Figuring out how many bits in a group of bits are set to 1, known as computing "population count", Hamming weight, or "bit summation", among others, has various applications.
It is also fairly cheap to implement in hardware to be executed as fast as a fixed point addition if not faster.
Likely for these reasons, CDC 6600 (1964) had CXi (47)
described as Count the number of 1's in Xk to Xi specifically included in its quite short list of instructions, although IBM STRETCH (1961) had that capability first as a by-product of all logical operations.

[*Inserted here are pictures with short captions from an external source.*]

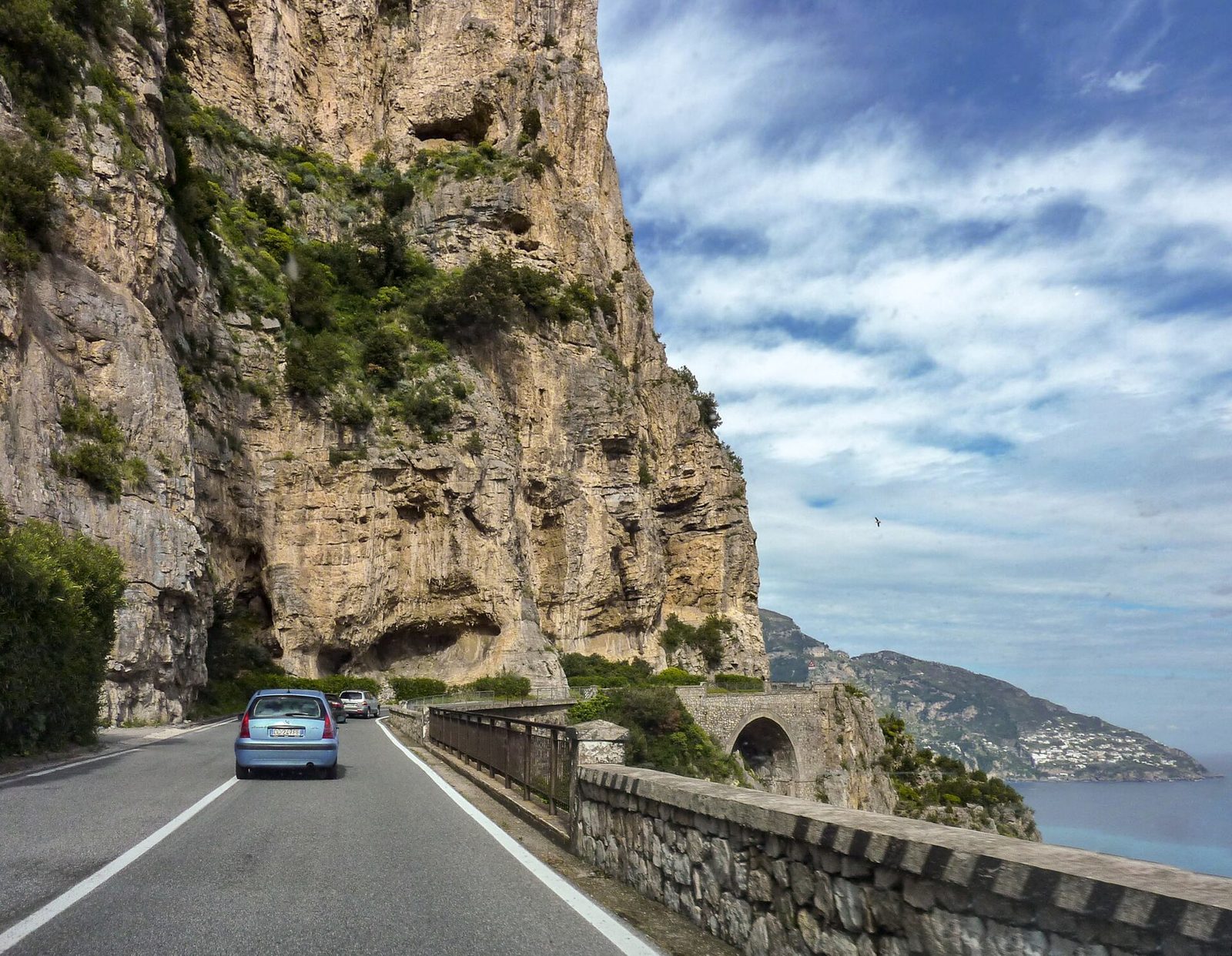 The SS163 Amalfi Coast road cut into the cliff above the sea, with a car approaching a tunnel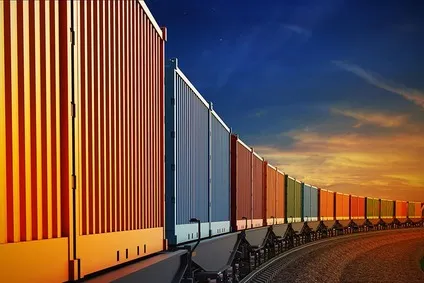 Freight train on tracks through the landscape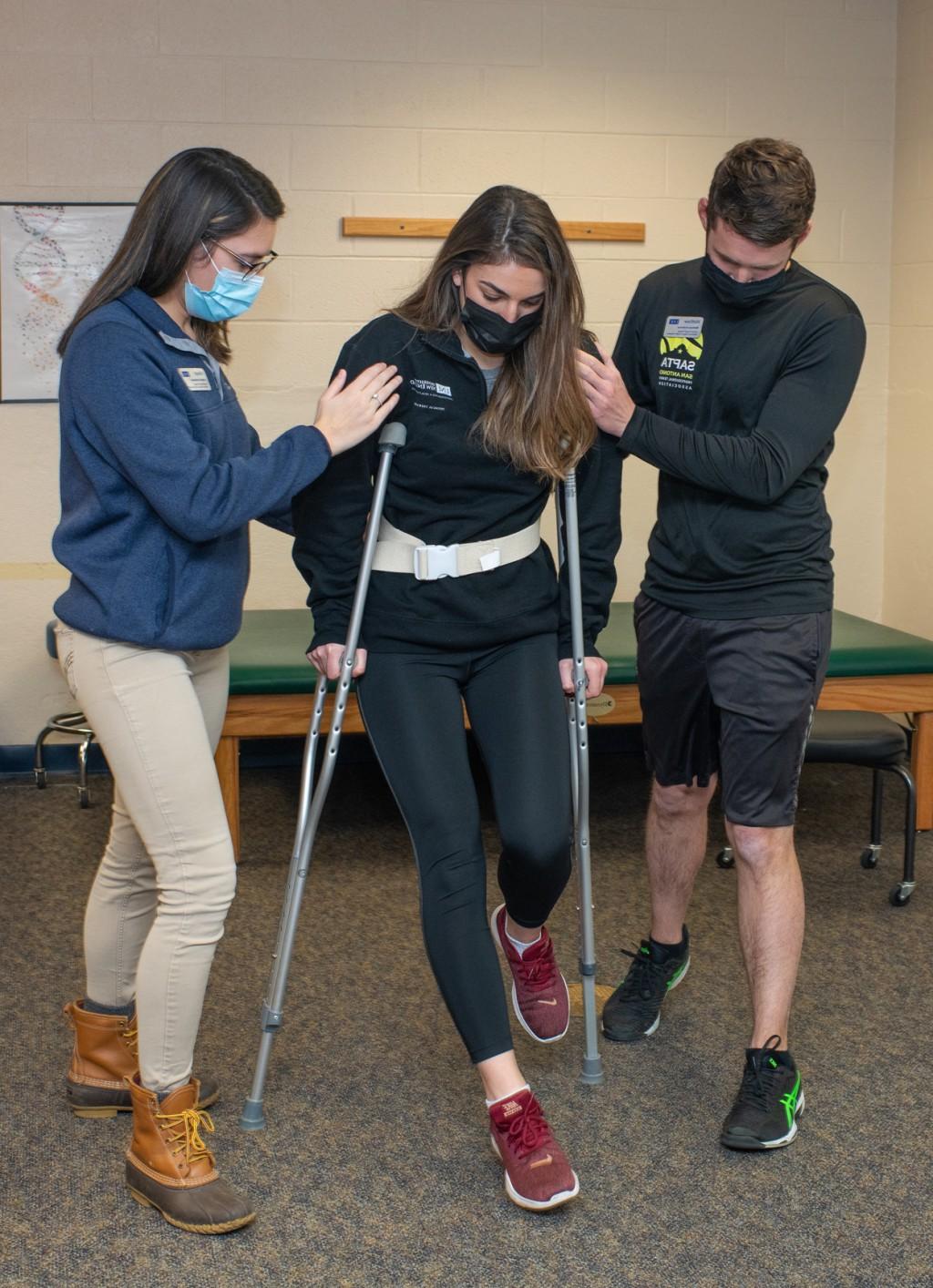 Two Physical Therapy students practice assisting a patient with new crutches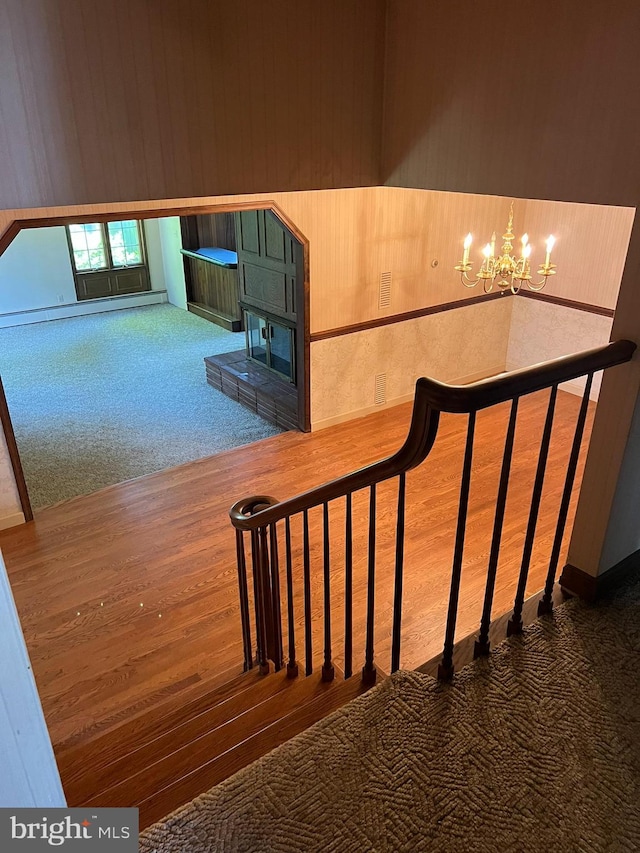 stairs featuring carpet floors and a chandelier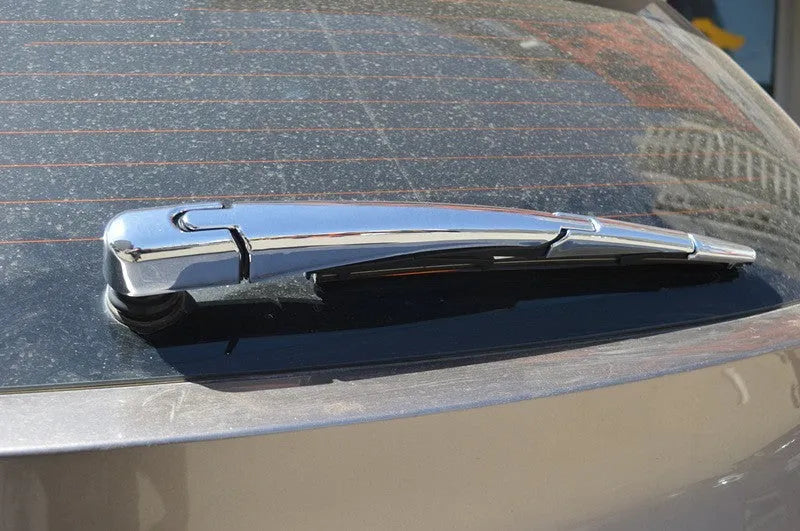 Four silvery ABS plastic rear window wiper cover trims for 2010 Hyundai models.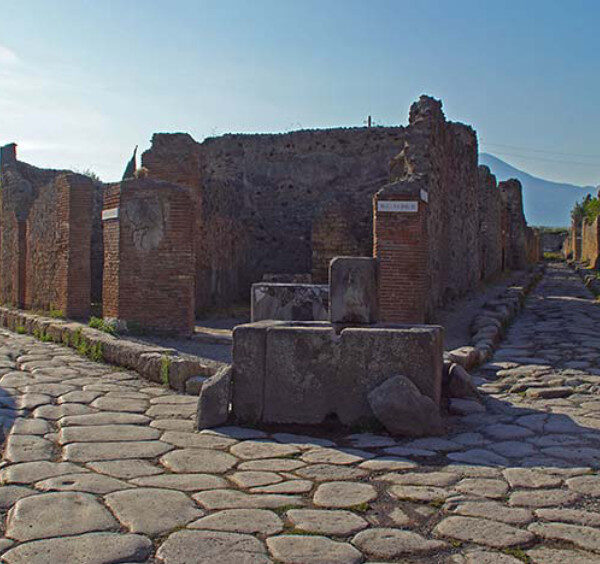 Rues pavées antiques et ruines de maisons à Pompéi avec le Vésuve en arrière-plan.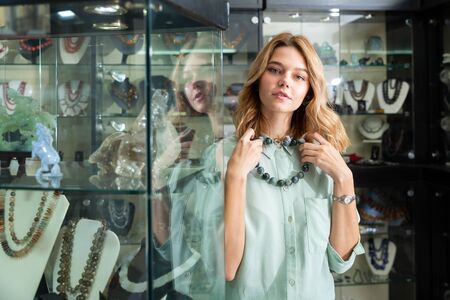 Young smiling female client choosing natural gemstone jewelry in boutique, trying on beads made of grey agateの写真素材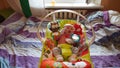 Portrait of just born baby in pink blouse lying in a cradle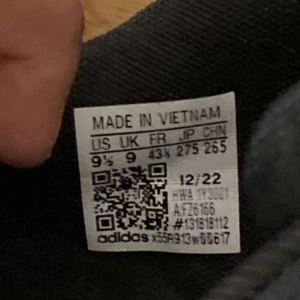 Svarta och vita sneakers från Adidas - Säljer ett par klassiska svarta sneakers från Adidas med vita detaljer och snörning. Skorna har de ikoniska tre ränderna på sidan och en vit sula. Perfekta för en avslappnad stil.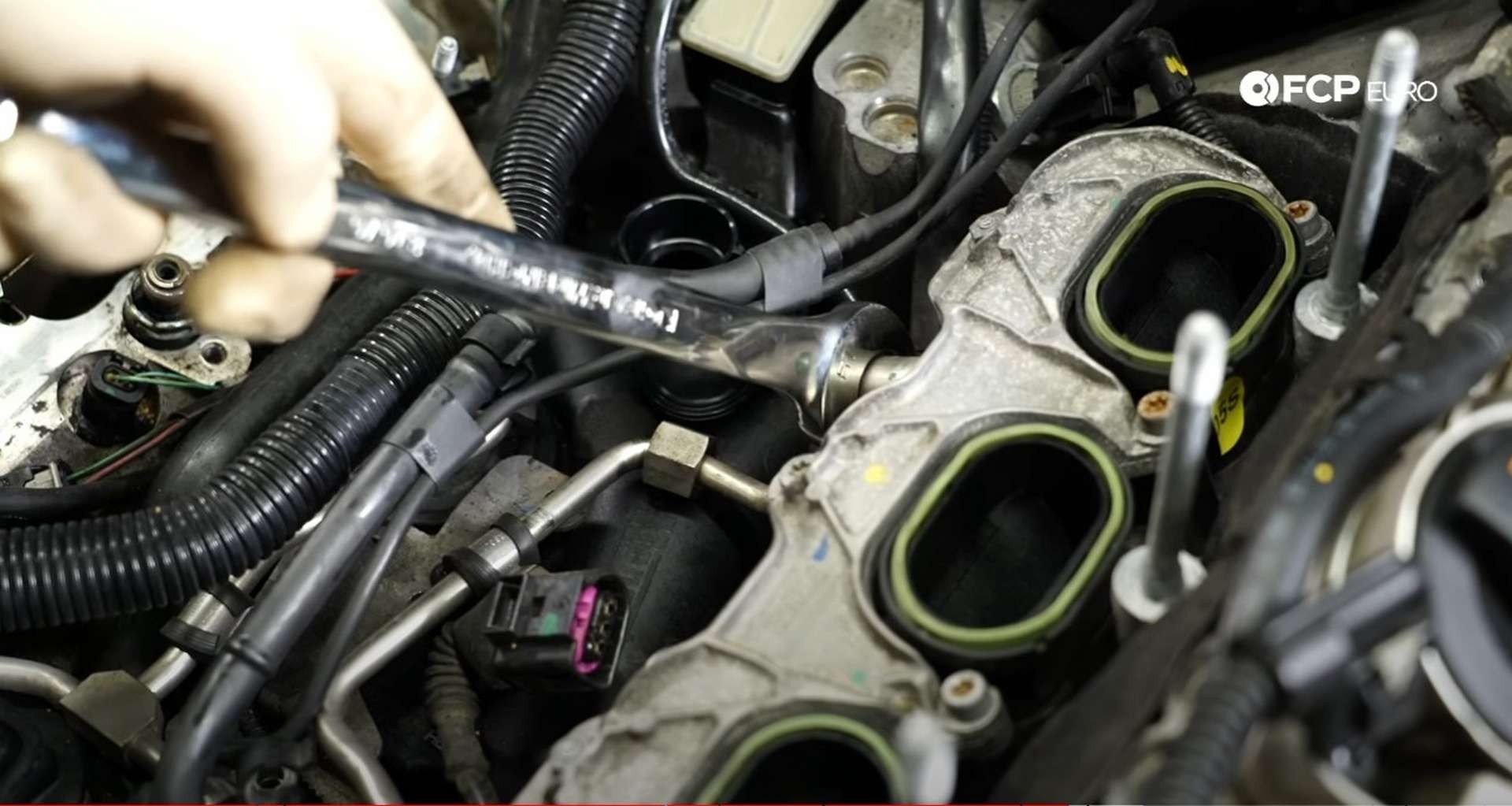 DIY Audi 3.0T PCV/AOS Replacement installing the intake manifold fuel line fitting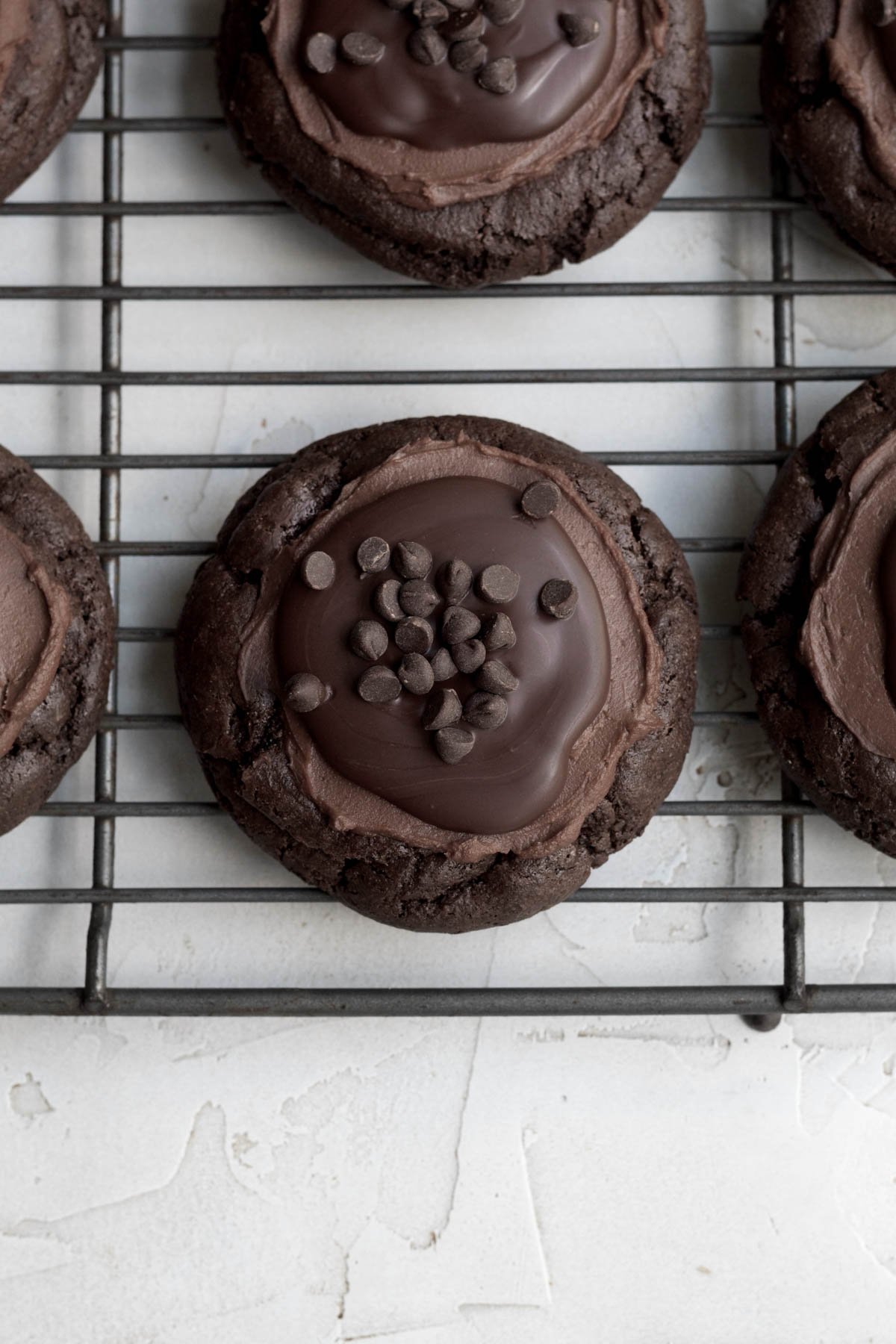 Topping the cookie with ganache and mini chocolate chips.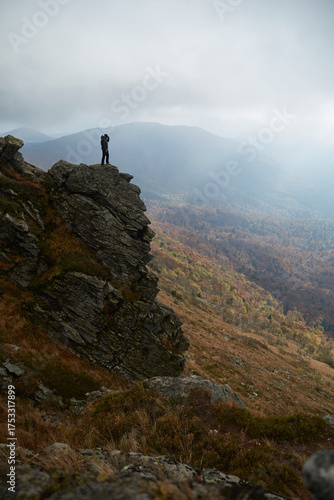 Hiker stands on rocky outcrop overlooking misty mountain landscape in autumn. Autumn hiking in Carpathian Mountains, Ukraine
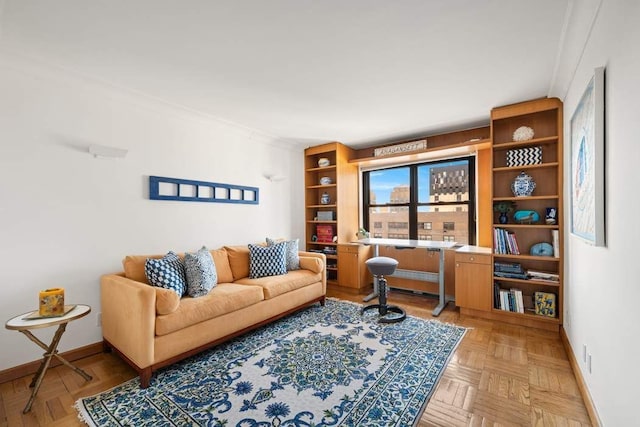 living area featuring baseboards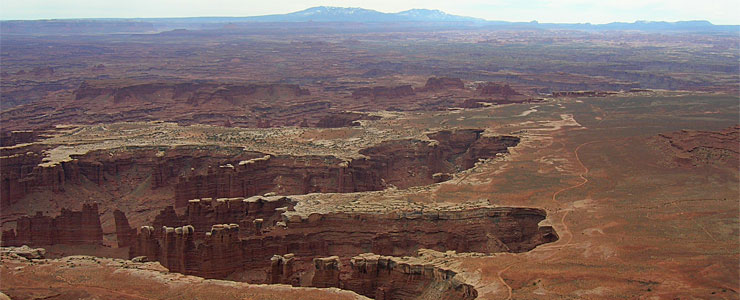 A view of red rock canyon walls and open desert from Grand View Point
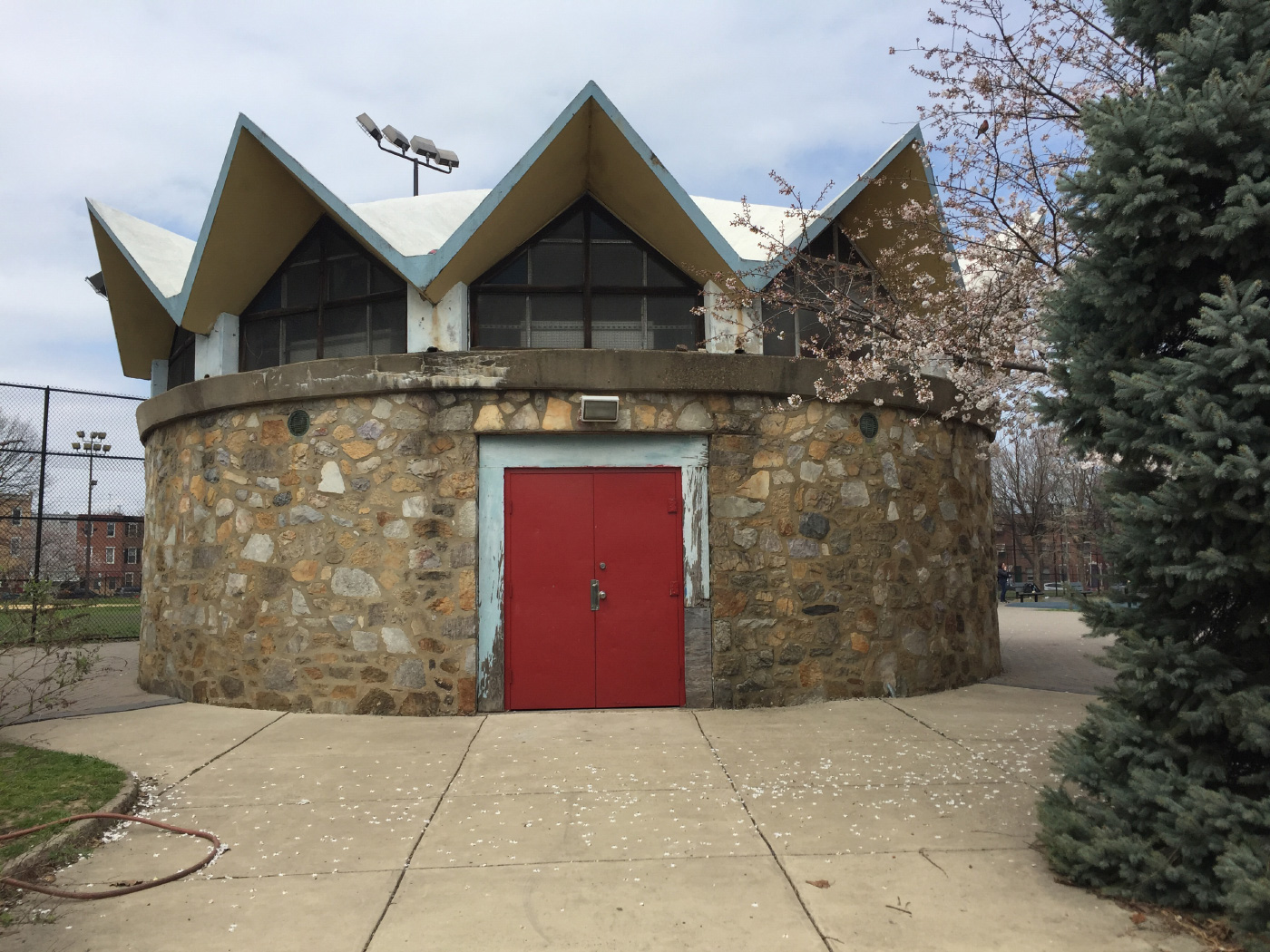 Photo of the Columbus Square pavilion, a small, circular structure with thick stone walls, a single red door, and an angular roof.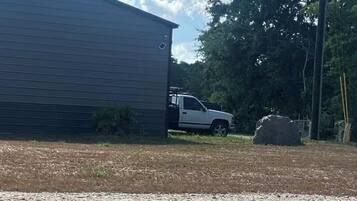 A gravel driveway leading to a building with a parked truck.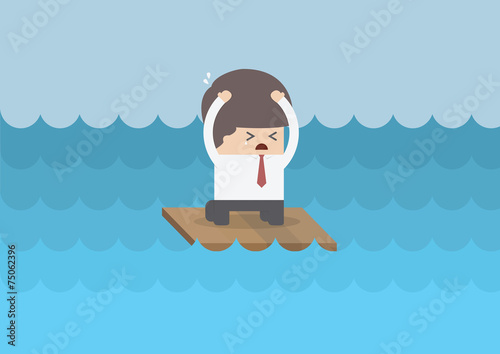 Businessman on a raft in the middle of the sea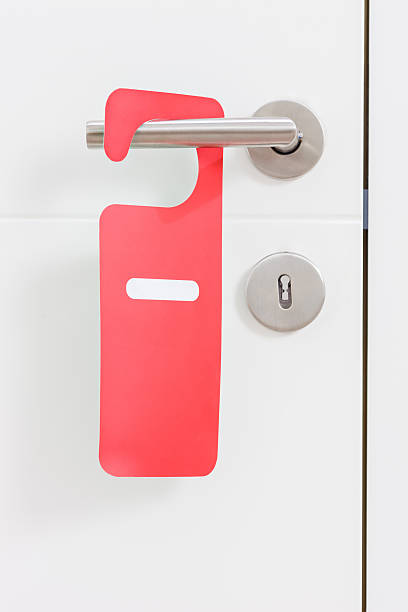 istock Handle of door with do not disturb label on it 486605524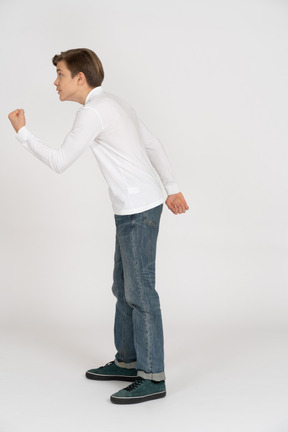 Young man in casual clothes standing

Then, in the list of processors with the "popcount" instruction there are large gaps. Since CDCs and Crays, and until very late 1990s, only SPARC (designed in mid-1980s) had the POPC
instruction.
Not a single IBM processor (not counting the aforementioned IBM STRETCH where there was no need for a separate instruction), not a single DEC processor (the instruction first appeared in an Alpha CPU when it was already Compaq's), not a single Motorola processor, not a single Intel or AMD processor until late 2000s, ...
As a result, innumerably many a software engineer had to implement the functionality of POPCOUNT
by hand with various degrees of efficiency (even GCC introduced __builtin_popcount
only in mid-2000s), and to endure silly interview questions about its efficient implementations.
What was going on? The wiki page doesn't discuss that aspect, but the many-decades long omission is so glaring that there had to be some musings on the subject by people "in the know".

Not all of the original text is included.